Mizoram scripted history on Monday as for the first time, three women candidates were elected to the 40-member Assembly in one go.

Poll winner Zoram People’s Movement (ZMP) candidate Lalrinpuii won from Lunglei East constituency and her party colleague and television presenter Baryl Vanneihsangi was elected from Aizawi South-3 seat.

Pravo Chakma of the Mizo National Front (MNF) won from West Tuipui seat.

Lalrinpuii and Chakma defeated their male Congress candidates while Baryl Vanneihsangi beat her MNF opponent.

With Christian-dominated (87 per cent) Mizo society being traditionally following by the patriarchal culture, Mizoram’s main political parties hardly had nominated women candidates in the Lok Sabha and assembly elections.

In the November 7 Assembly elections, 174 candidates, including 16 women, fought the polls while in the last Assembly elections in 2018, a total of 209 candidates, including 18 women, contested.

In the 2013 assembly polls, 136 candidates including six women aspirants contested the polls.

None of the women candidates had won in the 2013 or the 2018 polls.

In Mizoram, the first woman elected to the legislature (Mizoram was elevated to Union Territory-status in 1972 with a 30-member legislature) was L. Thanmawii of People’s Conference (PC), led by former Chief Minister Brig. T. Sailo (retd), from Serchhip constituency in 1978.

K.Thansiami of the same party was the second woman elected to the Assembly in 1984, followed by Lalhlimpuli of the MNF who was inducted as the first woman minister in 1987 in the government headed by the then Chief Minister Laldenga, a militant leader-turned-politician.

Lalhlimpuii was a minister for 19 months before the government was toppled in the later part of 1988.

In 2014, Vanlalawmpuii Chawngthu was elected in the by-election from Hrangturzo Assembly seat and ikn 2017, she was inducted as a minister of state in the Congress government headed by Chief Minister Lal Thanhawla, who was headed Mizoram government in different terms for more than 22 years.

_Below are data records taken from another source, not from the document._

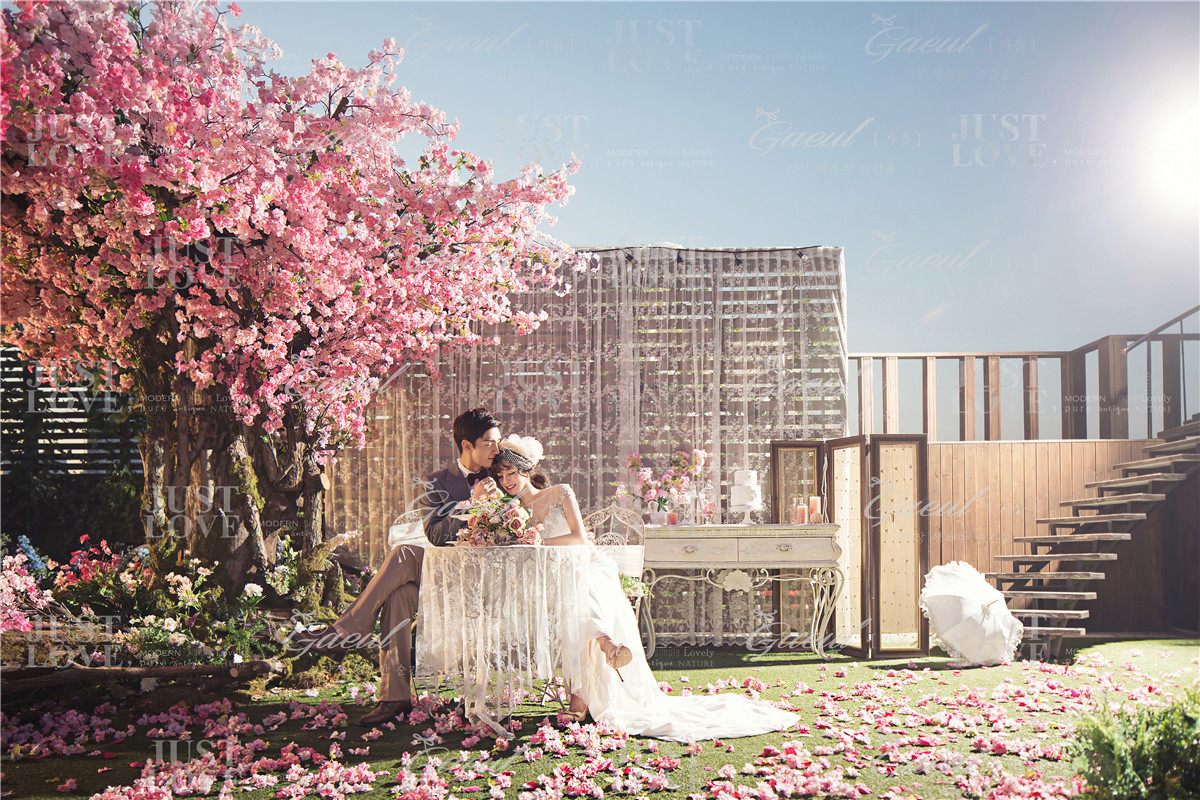 Korean Studio Pre-Wedding Photography: Floral by Gaeul Studio on OneThreeOneFour 4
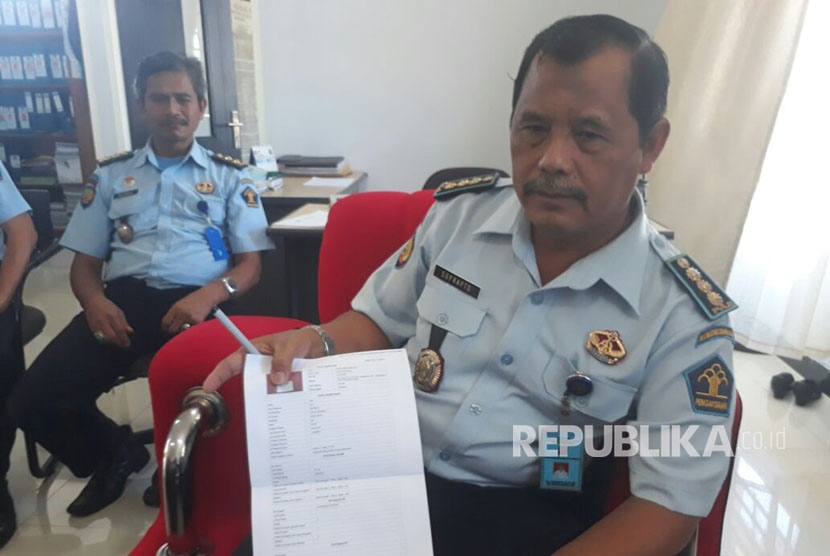 Kalapas Narkotika Baleendah, Suprapto memberikan keterangan terkait salah satu warga binaan Asep Sopian (20) yang tewas diduga dianiaya oleh sesama warga binaan, Senin (31/7).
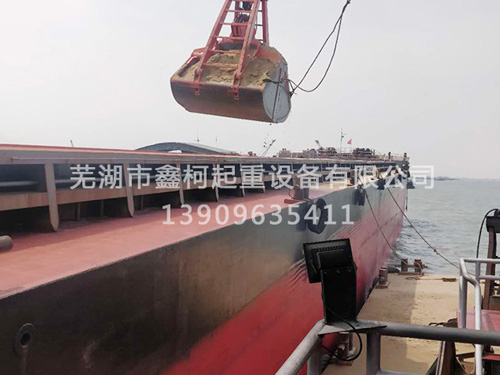 ���̰���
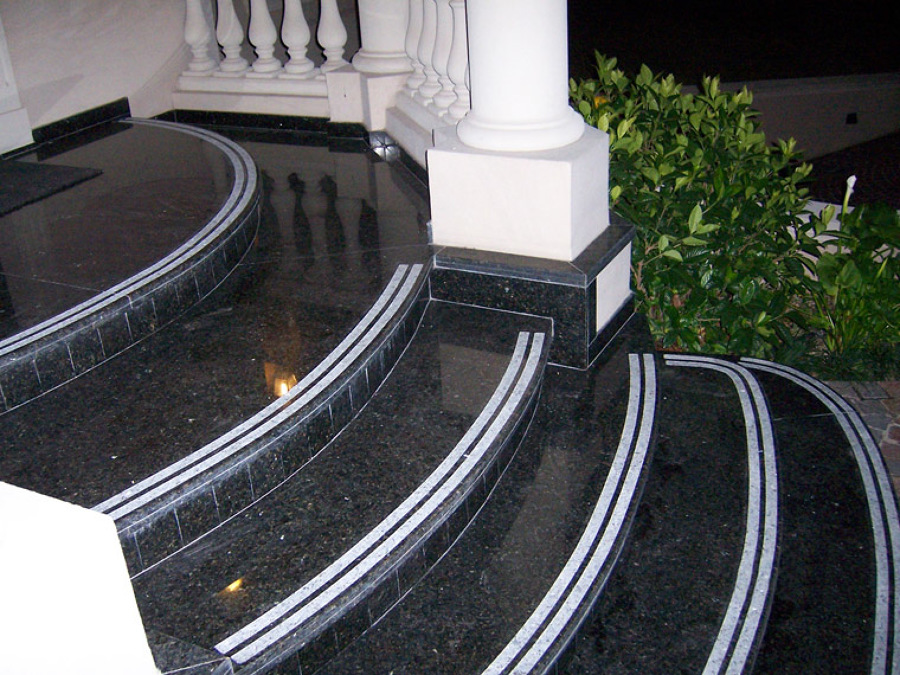 Escalera Tallado Antideslizante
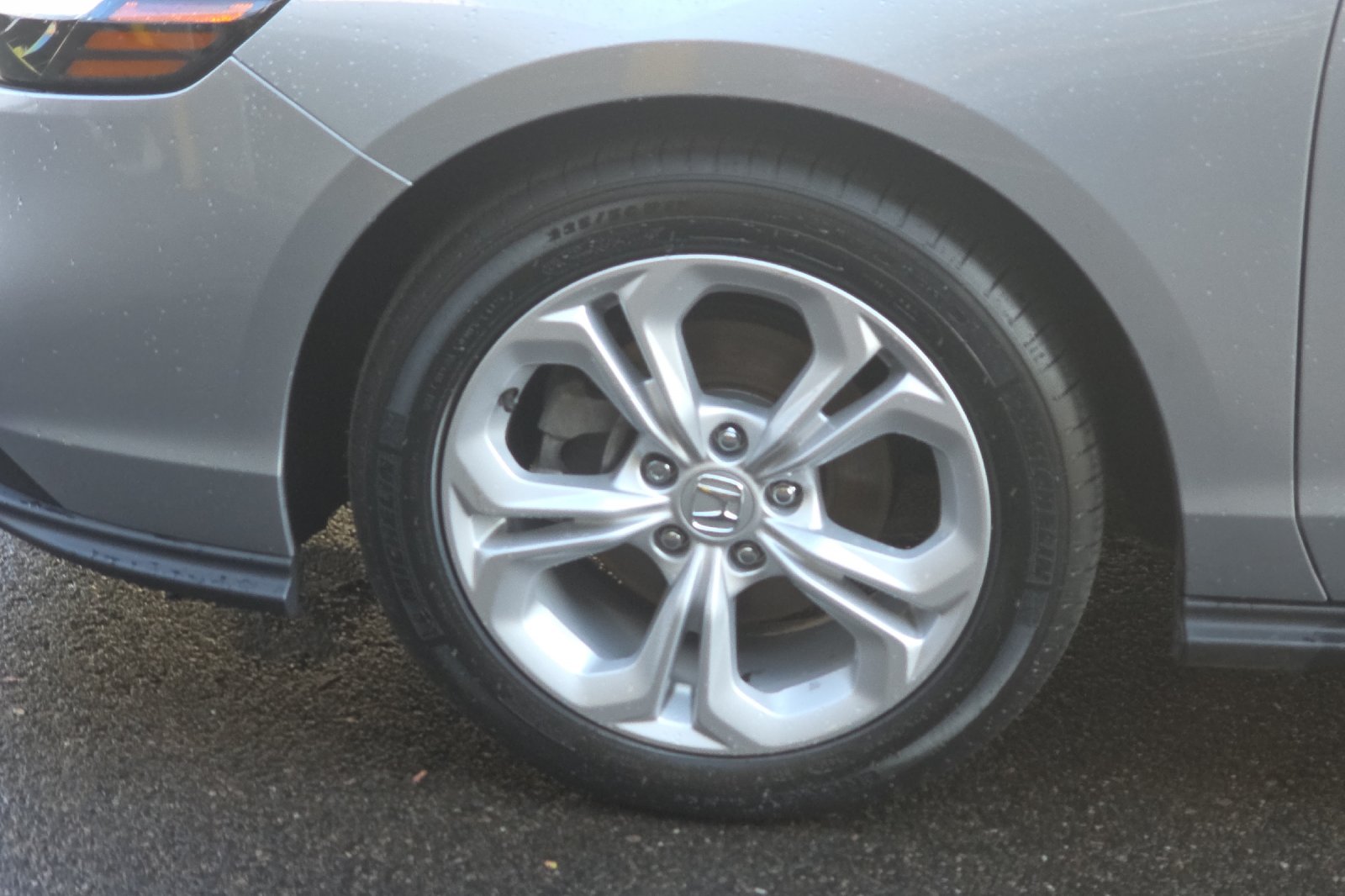 Used 2025 Solar Silver Metallic Honda LX image 23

In the November 7 election, 1.21 per cent more women voters exercised their franchise than their men counterparts. Female voters’ turnout was 81.25 per cent while 80.04 per cent male voters cast their votes across the mountainous state.

In the electoral lists of Mizoram, women always outnumber the male voters. Women are over 51.22 per cent of the total 8,57,063-strong electorate in Mizoram’s latest voters’ list. In all 4,39,026 women voters outnumbered the male electorate of 4,13,062 in the electoral rolls, which were published on October 4 after several month-long special summary revision of voters’ list with reference to October 1 as the qualifying date for inclusion of names.

Of the eleven districts in Mizoram, only in the minority community-inhabited Mamit district is the number of male voters (32,723) higher than their female (32,064) counterparts.